[Bug 25820] Should empty key usages be allowed when creating keys? from bugzilla@jessica.w3.org on 2014-05-20 (public-webcrypto@w3.org from May 2014)

From: <bugzilla@jessica.w3.org>
Date: Tue, 20 May 2014 00:56:55 +0000
To: public-webcrypto@w3.org
Message-ID: <bug-25820-7213-BVrhc3SaWM@http.www.w3.org/Bugs/Public/>

https://www.w3.org/Bugs/Public/show_bug.cgi?id=25820

Mark Watson <watsonm@netflix.com> changed:

           What    |Removed                     |Added
----------------------------------------------------------------------------
                 CC|                            |watsonm@netflix.com

--- Comment #2 from Mark Watson <watsonm@netflix.com> ---
(In reply to Ryan Sleevi from comment #1)
> I think the spec needs to be updated with how to handle this.

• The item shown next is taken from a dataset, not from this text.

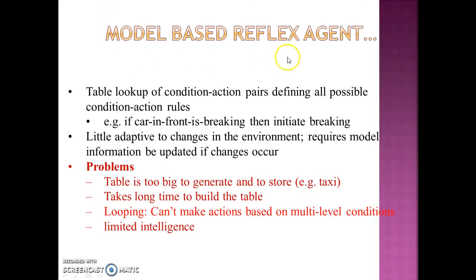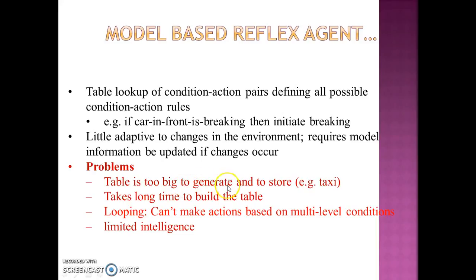To summarize, the model-based reflex agent is a table lookup of condition-action pairs defining all possible condition-action rules. It is a little adaptive to changes in the environment; if there is any new change, the model information and some entries in the condition-action rules would have to be updated to bring in the change. The problems are that the table can be too big to generate and store — for example, in a complex environment such as a taxi driver agent, it may take very long to build. Sometimes it may loop if multilevel conditions are required, and though it is better than a simple reflex-based agent, it has very limited intelligence.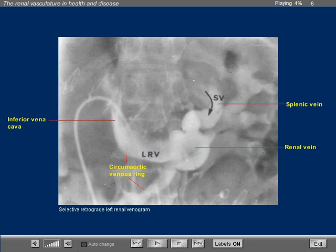This is a circum aortic venous ring demonstrated by selective retrograde left renal venographic examination. The tip of the catheter is in the largest component of the venous ring. Note that in this patient, the splenic vein was connected to the left renal vein. This patient had a distal splenorenal shunt.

This is also
> needed as part of the general effort of ensuring extensibility of the spec
> without monkey patching.
> 
> Proposal: Any key whose type is "private" or "secret", with no usages,
> results in a failure.
> 
> Examples:
> unwrapKey() is called with a "foo" usage. The implementation does not
> support "foo" -> rejection
> generateKey() is called with the "foo" usage for a public/private key pair.
> The "foo" usage is only valid for public keys (implying the private key has
> no valid usage) -> rejection
> generateKey() is called with the "foo" usage for a symmetric key. The
> implementation does not support "foo" -> rejection
> 
> 
> The only interesting point is whether or not it should be valid to have a
> public key of an asymmetric key pair that has no usages.
> 
> For example, what is expected of
> generateKey({name: "RSA-OAEP", hash: { name: "SHA-1" } }, true, ["unwrap"]);
> 
> Success: - The private key can be used for unwrapping. You can export the
> public key to the peers that will perform wrapping (perhaps as a SPKI, which
> doesn't have any usages assigned)
> Failure: - The public key has no usages.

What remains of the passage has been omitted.